Boats, in fact, are among the oldest things we’ve found that men have built. It’s as if recognition that most of our world is water and we are without gills was identified very early in our history. Boats are our way of dealing with that. Men have been putting to sea to mess about, mess with other men and make messes of distant places for almost 60,000 years. Every major city of our agrarian (landed) development is located on or near a navigable waterway. Why is a question for a whole other time, but it’s interesting to keep that idea in mind as we go farther.
I’m a business coach, a leadership developer, someone with a keen interest in what helps people get things done and learning why they value what they value. I’m also a boat owner, Captain of a US Sailing Vessel. What I’ve learned from both is that people aboard a boat have a tacit (and tactile) understanding of leadership. It is almost instinctual, not something that requires much cultivation or cajoling to uncover.
Is it the compelling realization that we are in a small space surrounded by inhospitable environs? Is it the closeness of the people, from whom you’ve no easy escape while underway (in contrast to the united isolation you and your boat mates have from the rest of the world (we’re all in the same boat), or something else?
Here we’ll seek to learn why lessons of leadership are so easily learned embarked on a journey of some time. First, there is the cross-cultural historic notion of a ship having a single leader, its master. All cultures that recognize vessels at all also recognize this fundamental concept of there being a leader. While there have been many experiments, successes and failures in landed civilization, only one method, learned long ago, keeps those enclosed in a vessel upon the waters safe. All ships have a single master: one leader.

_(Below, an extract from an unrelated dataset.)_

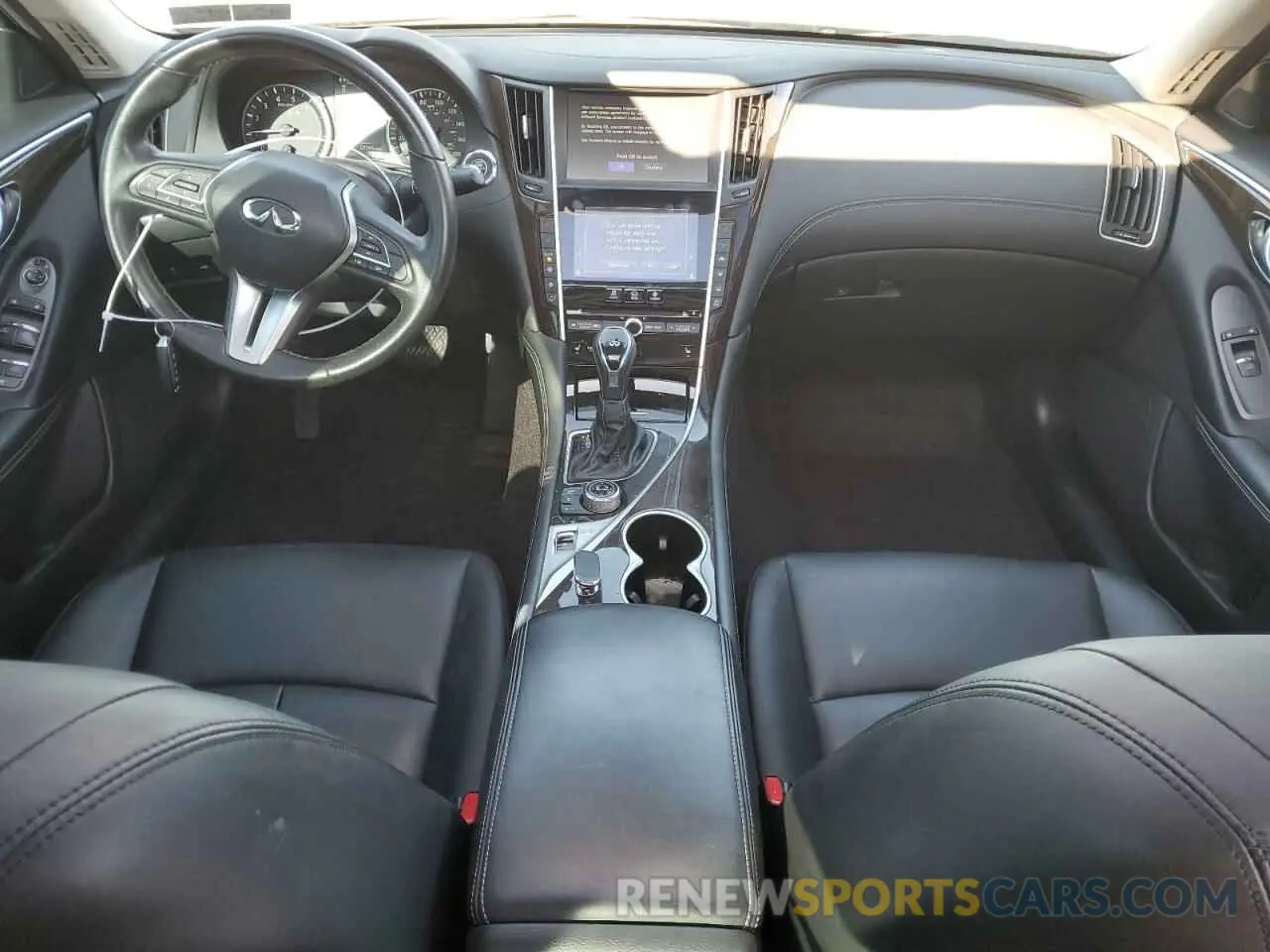 8 Photograph of a damaged car JN1EV7AR4KM554346 INFINITI Q50 2019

Further, this same universal truism extends to the recognition that a ship, in motion without a course, is in distress. Even being anchored, restrained from any progress, is more desirable than being adrift without a clear course intended. So a universal knowledge that all ships in good stead have a leader and a course clear of obstacles are the first leadership assumptions in the role of an intrepid sea captain. All ships have a course that is safe to make way.

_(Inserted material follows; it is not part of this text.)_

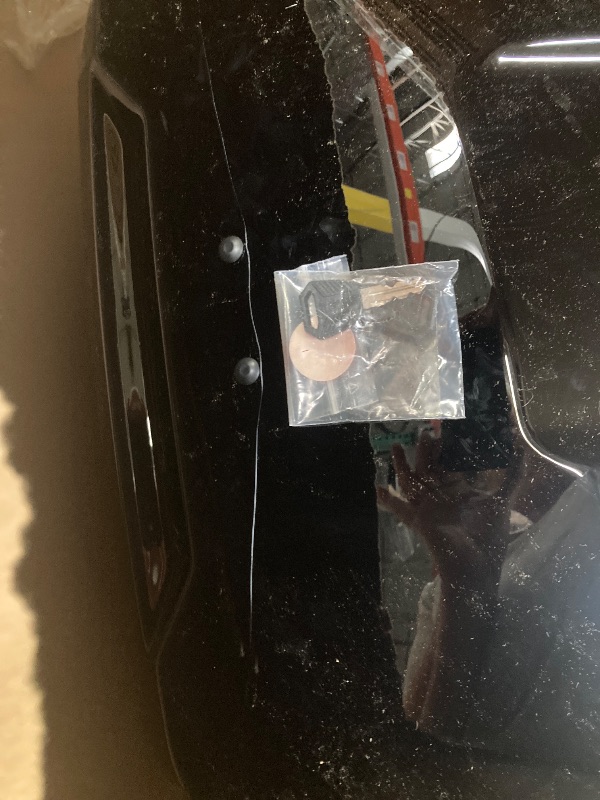 Photo 1 of ***HAS 12" CRACK ON ONE END-SEE PICS***Thule Motion 3 XXL Roof Box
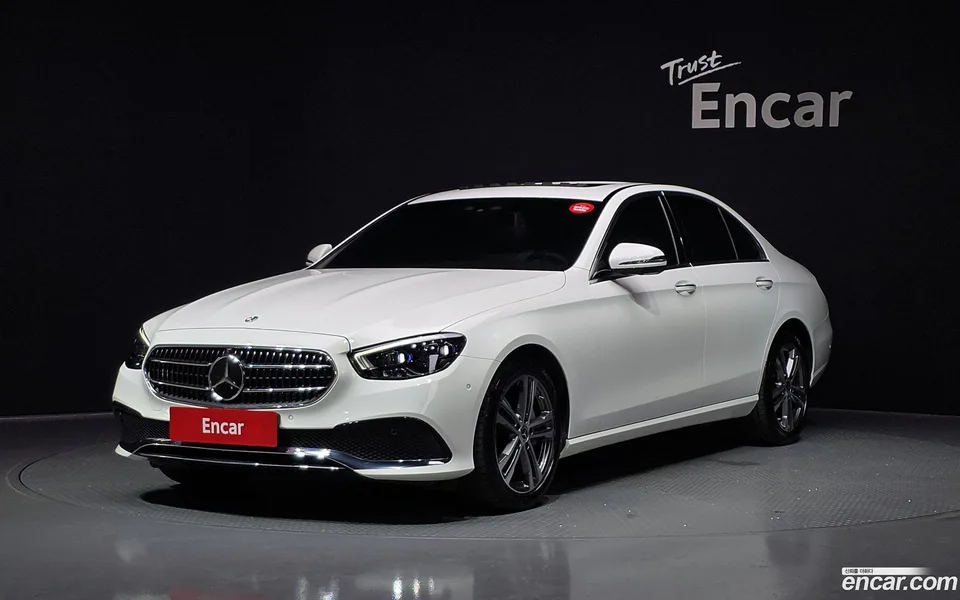 Mercedes-Benz E-Class E350 4MATIC 2022 — фото 1, купить с доставкой в Москву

As the vessel (and the enterprise) becomes too big for the master to implement his vision, the course to be steered and safely made, teamwork becomes the next tenet of leadership that becomes obvious and universal in acceptance. All must know their role and perform it to make way down that course, and all must know it.
A chart is the seagoing equivalent of the business plan; a log is the “financials” a statement of where either a ship or business is, on its planned path. Each day, a navigation fix is taken to assess where the ship is, if it is on course to make its planned path. So too, an effective enterprise measures constantly and is able to make course corrections.

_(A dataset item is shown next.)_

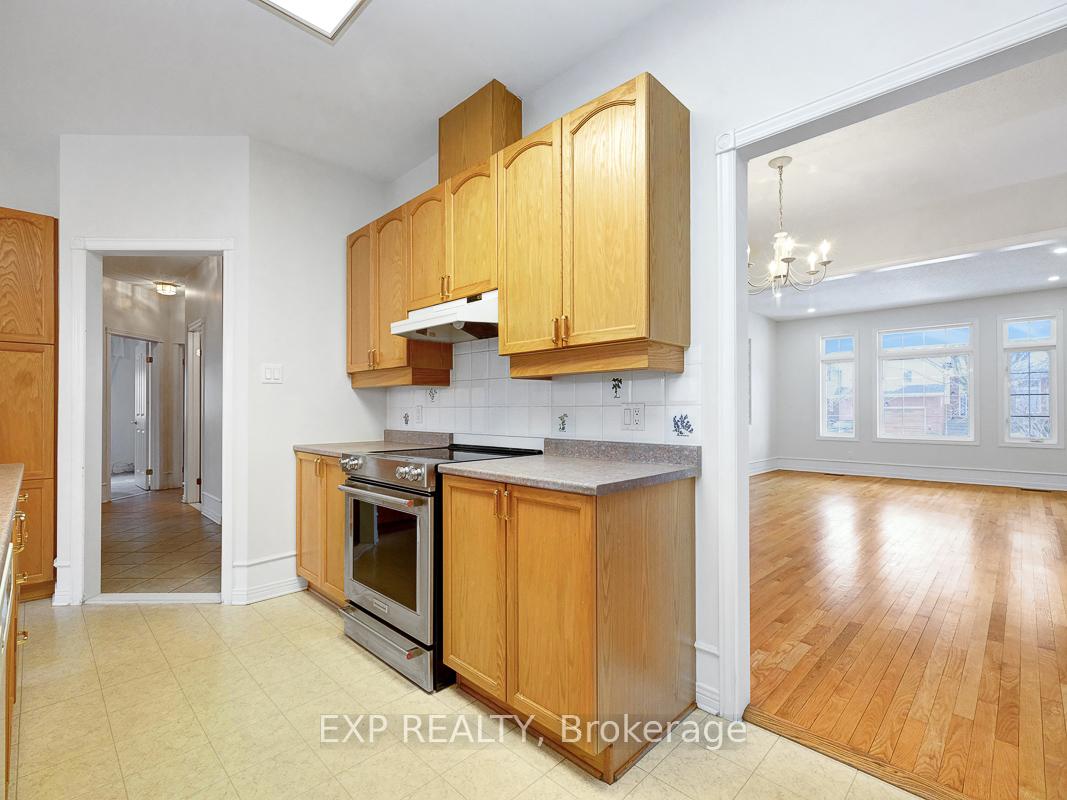 Photo 17 of 768 Rolling River Crescent, Ottawa, Riverside South/Gloucester Glen — HOMEH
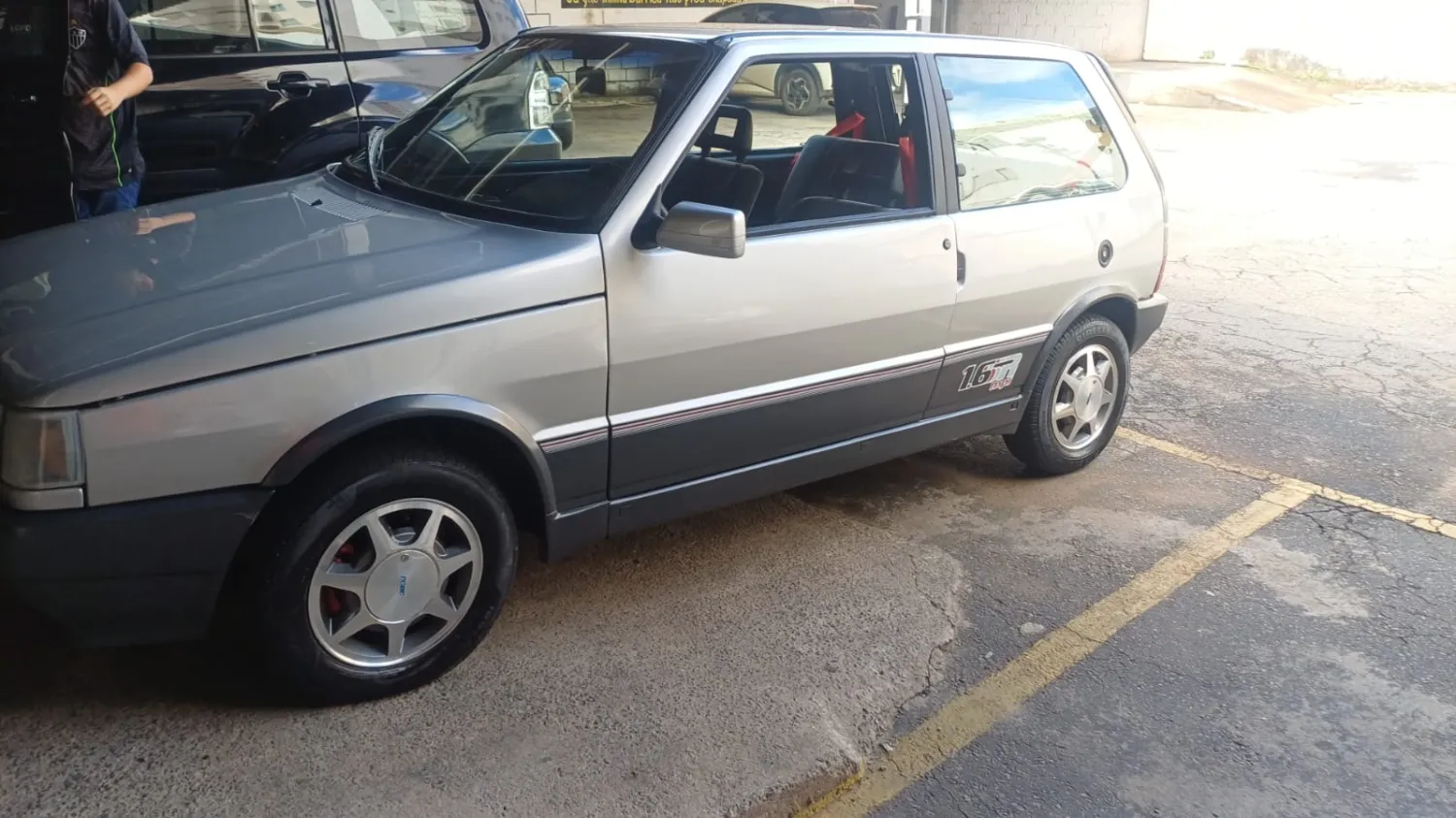 Uno - Foto #5 do anúncio à venda de Carro clássico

Together, the organization’s leadership and I navigate the business challenges and opportunities. I’m no expert in your ship, or your business, I know though, how to help you use your mastery of your ship to ensure its safe passage and docking in the ever changing environment of the harbor.
As a coach I meet with your team, your executive leadership and the stakeholders that developed and dictate your strategy or your chart to your destination. This destination for most businesses is a cohort of fanatically loyal and evangelical customers. Your chart identifies the obstacles, your route around them and, upon this chart; you track your progress just as the shipboard officer of the watch annotates a real chart with the progress of the ship. In these annotations, accountability for current, wind and other unanticipated effects upon the course is calculated and reckoned into a deduced path to ensure safe arrival, on time at the destination.
Similarly your people need to know your strategy but also have the awareness of the unanticipated effects of today’s business climate and how to deduce the way to steer your business to compensate for these effects. Identifying the effects and obstacles to your strategy and having the skills, knowledge and attitude to overcome them is what the coach does for your people. Each of them is, in their own way, a contributor to the speed of advance of your business, its course and speed. Each can help or hinder its progress. As a coach I help you and your people identify the metrics for success and ensure only those are sought and captured.
Lastly, even good people with a good strategy can’t make the ship go with a bent shaft, weak engine or torn sails. Getting a ship from point A to point B is a process, actually a lot of them. Each of your business processes has to contribute, as effectively, quickly, flexibly and efficiently as it can be to ensure your good people, with your good strategy, arrive at the goals you’ve set to achieve the desired results you seek. Like a far away and unseen shore, your rewards are out there. Your course is clear, your sailors able bodied, your vessel is ship shape and Bristol fashion and you will get there. I’m along for the ride to make sure.
I wish you fair winds and following seas.